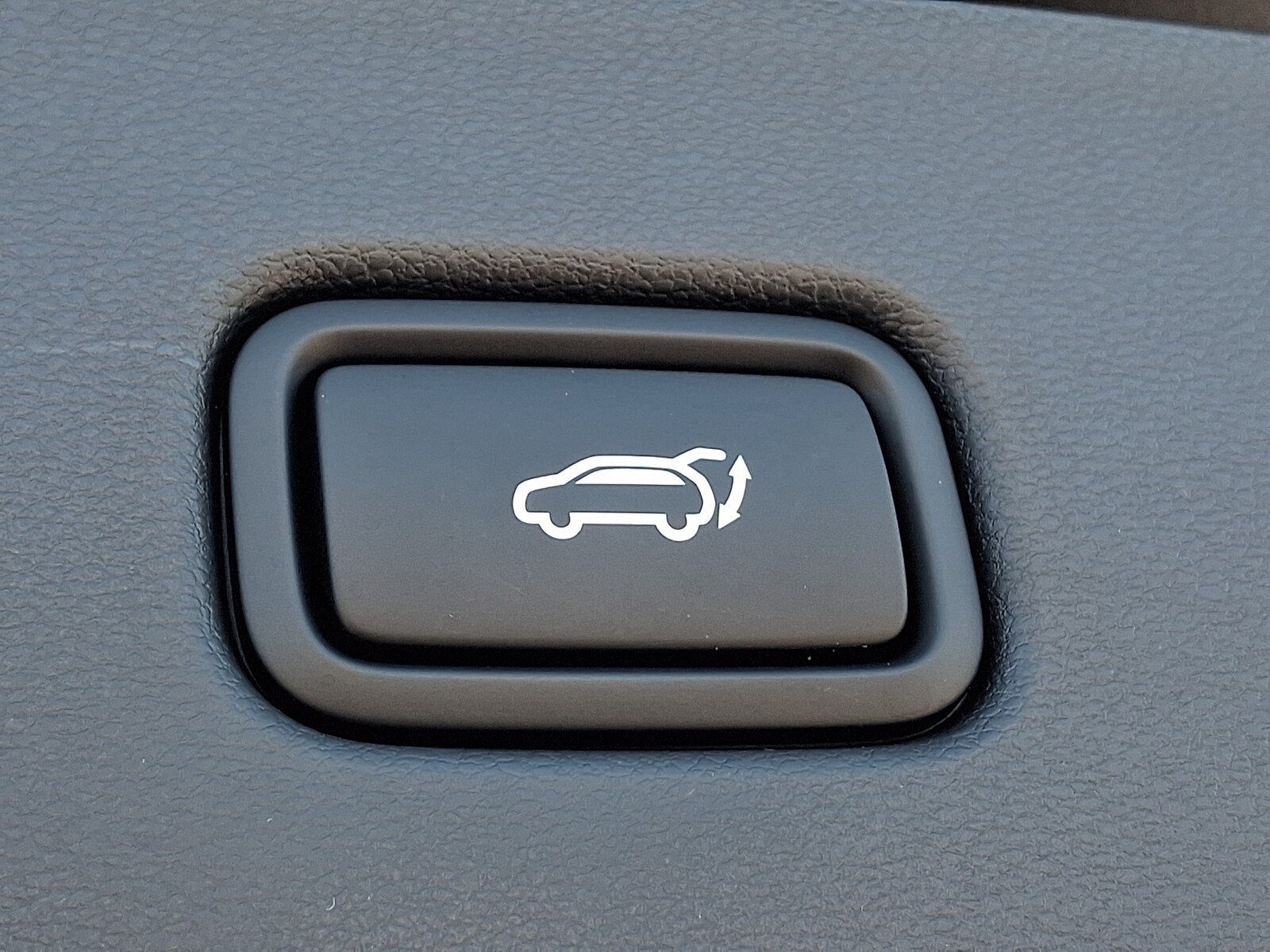 Certified 2025 Hyundai Tucson Limited AWD/4WD image 32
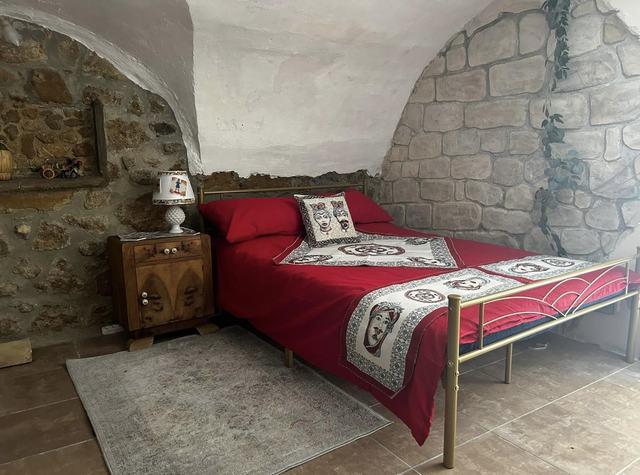 Image No.9-3 Bed Townhouse for sale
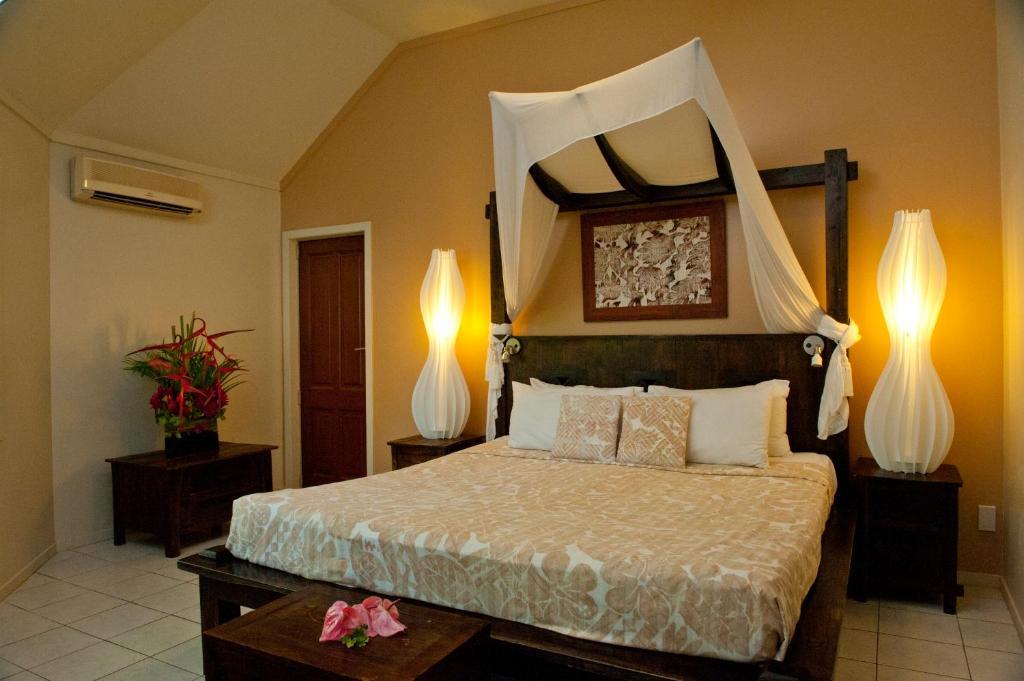 Hotel Crown Beach Resort And Spa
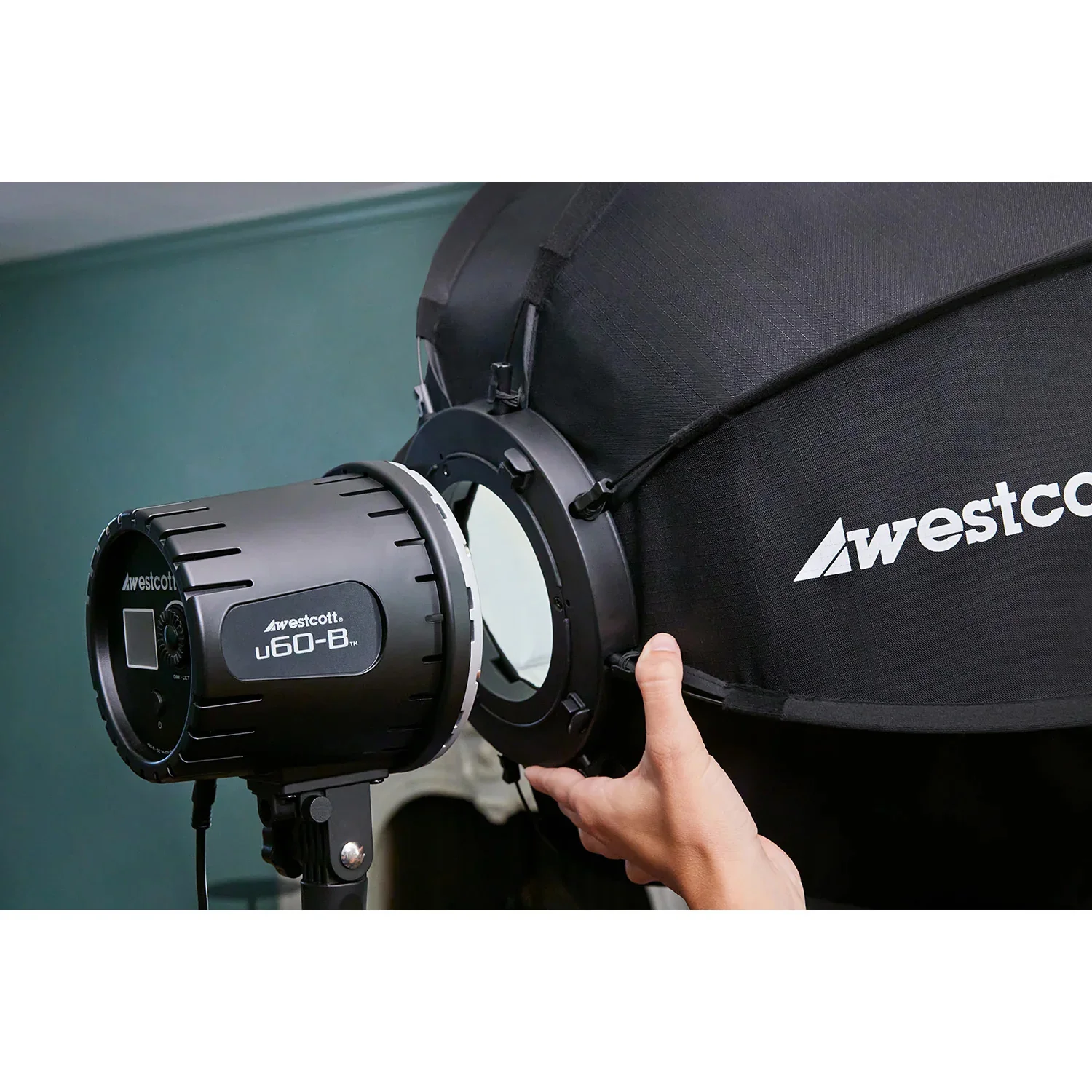 Westcott U60-B Bi-Color LED 2-Light Softbox Kit - Image 5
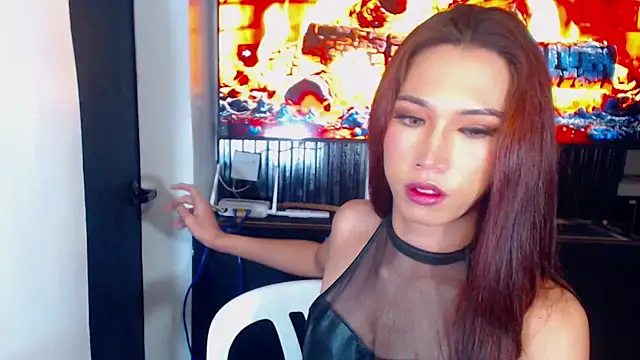 QueenAlisonfoxx online show from May 29, 12:05 am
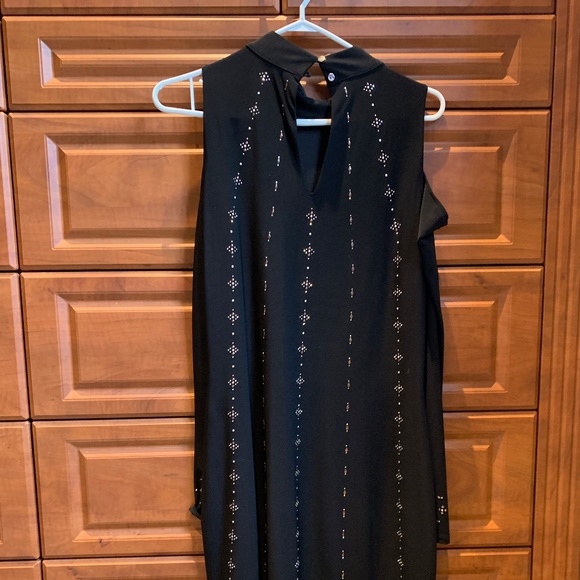 Unique cold shoulder style dress - Picture 2 of 3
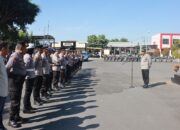 Ratusan Personel Polres Lotim Diterjunkan Amankan Pawai Ta’aruf HULTAH ke-91 NWDI, Situasi Kondusif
══════════
◆ Task description
Render all entries verbatim, excluding any pictures they hold.

◆ Task response
 Certified 2025 Hyundai Tucson Limited AWD/4WD image 32
 Image No.9-3 Bed Townhouse for sale
 Hotel Crown Beach Resort And Spa
 Westcott U60-B Bi-Color LED 2-Light Softbox Kit - Image 5
 QueenAlisonfoxx online show from May 29, 12:05 am
 Unique cold shoulder style dress - Picture 2 of 3
 Ratusan Personel Polres Lotim Diterjunkan Amankan Pawai Ta’aruf HULTAH ke-91 NWDI, Situasi Kondusif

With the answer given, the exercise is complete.